A legenda vem definhando dia a dia. Se nada for feito, o caminho natural vai ser a temida cláusula de barreira, uma espécie de morada das agremiações partidárias rotuladas de nanicas.
O PDT vai perder mais dois deputados federais, Leo Prates (BA) e Mauro Benevides (CE). Este último ligado ao ex-presidenciável e ex-filiado Ciro Gomes. O parlamentar baiano a ACM Neto, vice-presidente nacional do União Brasil.
Sobre Leo Prates, até as freiras do convento das Carmelitas sabiam que sua estadia no PDT seria curta. O relacionamento político com o também deputado federal Félix Júnior, chefe estadual da legenda, estava deteriorado.
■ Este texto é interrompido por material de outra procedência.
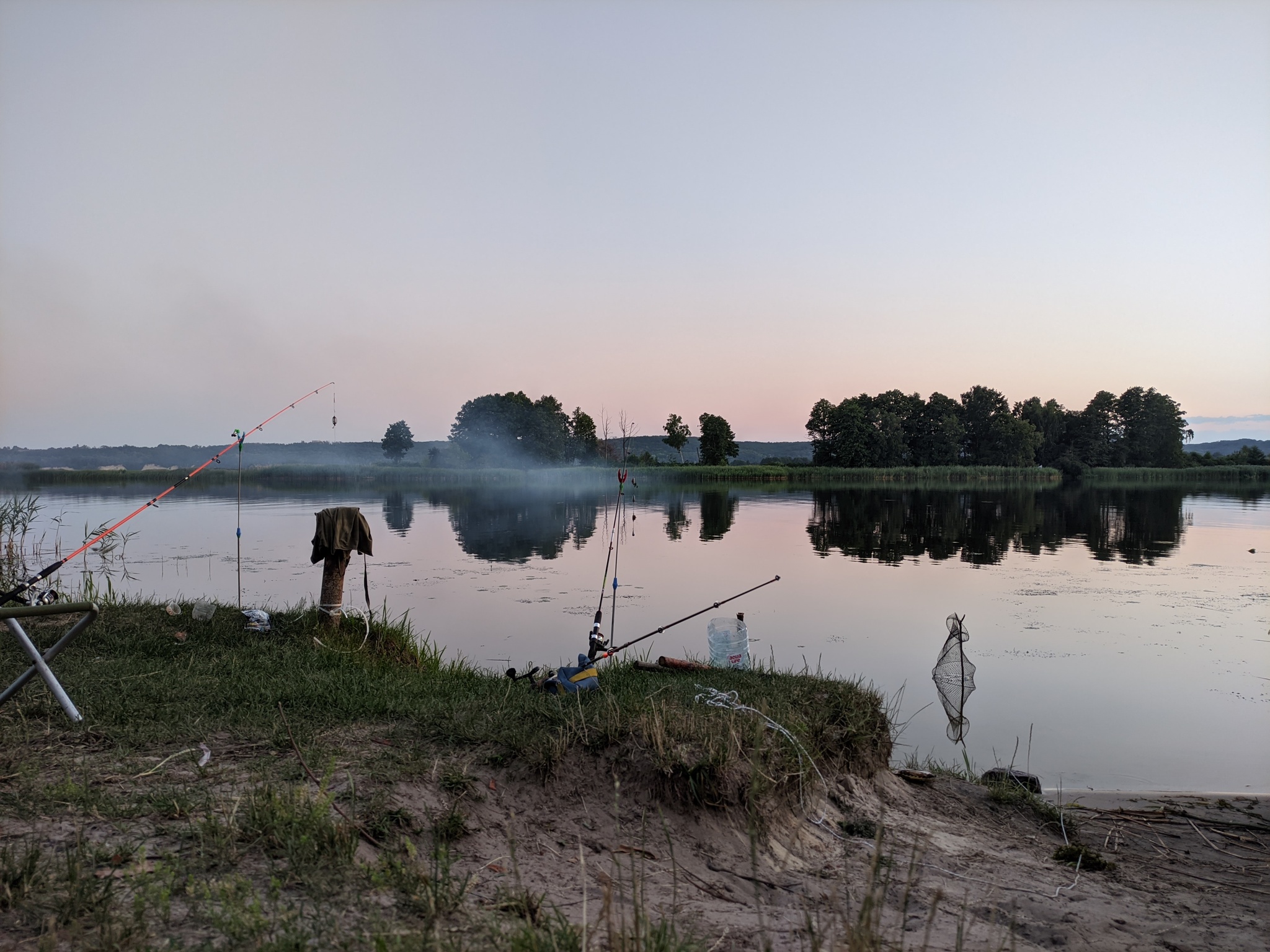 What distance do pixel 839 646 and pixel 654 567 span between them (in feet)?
27.9

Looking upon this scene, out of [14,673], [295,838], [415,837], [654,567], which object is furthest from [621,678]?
[654,567]

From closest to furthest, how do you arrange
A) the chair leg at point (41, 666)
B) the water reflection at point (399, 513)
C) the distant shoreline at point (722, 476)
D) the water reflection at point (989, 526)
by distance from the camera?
the chair leg at point (41, 666), the water reflection at point (989, 526), the water reflection at point (399, 513), the distant shoreline at point (722, 476)

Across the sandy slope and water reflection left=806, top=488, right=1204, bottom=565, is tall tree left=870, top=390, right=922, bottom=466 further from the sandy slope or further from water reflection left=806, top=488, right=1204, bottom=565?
the sandy slope

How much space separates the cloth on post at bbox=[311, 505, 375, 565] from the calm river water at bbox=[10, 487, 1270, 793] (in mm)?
2692

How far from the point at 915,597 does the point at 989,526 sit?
18.4 metres

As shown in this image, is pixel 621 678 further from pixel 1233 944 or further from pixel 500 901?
pixel 1233 944

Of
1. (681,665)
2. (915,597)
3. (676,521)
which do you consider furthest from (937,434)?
(681,665)

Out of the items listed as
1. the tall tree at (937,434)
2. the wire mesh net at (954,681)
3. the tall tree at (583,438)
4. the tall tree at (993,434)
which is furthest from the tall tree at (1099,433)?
the wire mesh net at (954,681)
Coluna Wense de 31 de outubro de 2025: "Leo Prates não se encontra politicamente confortável no PDT. Deve procurar outro abrigo partidário".
Lembrando ao caro e atento leitor que programa partidário e estatuto não têm nenhuma influência na filiação. Se filiar a um partido em decorrência destes dois itens passou a ser coisa de político abestalhado. O que interessa é a proposta do faz-me rir do fundo eleitoral para a campanha.
Pelo andar da carruagem, os fundos eleitoral e partidário do PDT, com a perca de deputados federais, vão definhar. O partido vai deixar de ter essa "moeda" para atrair os postulantes ao Parlamento federal.
O PDT, com a saída de Ciro Gomes, que era contra ao partido ser um "puxadinho do PT", deixou de ter uma referência nacional. E uma referência como Ciro Gomes, o político mais preparado da República Federativa do Brasil.
Portanto, ou o PDT se renova, começando de cima para baixo, ou passa a ser um partido nanico para a tristeza dos verdadeiros brizolistas e pedetistas.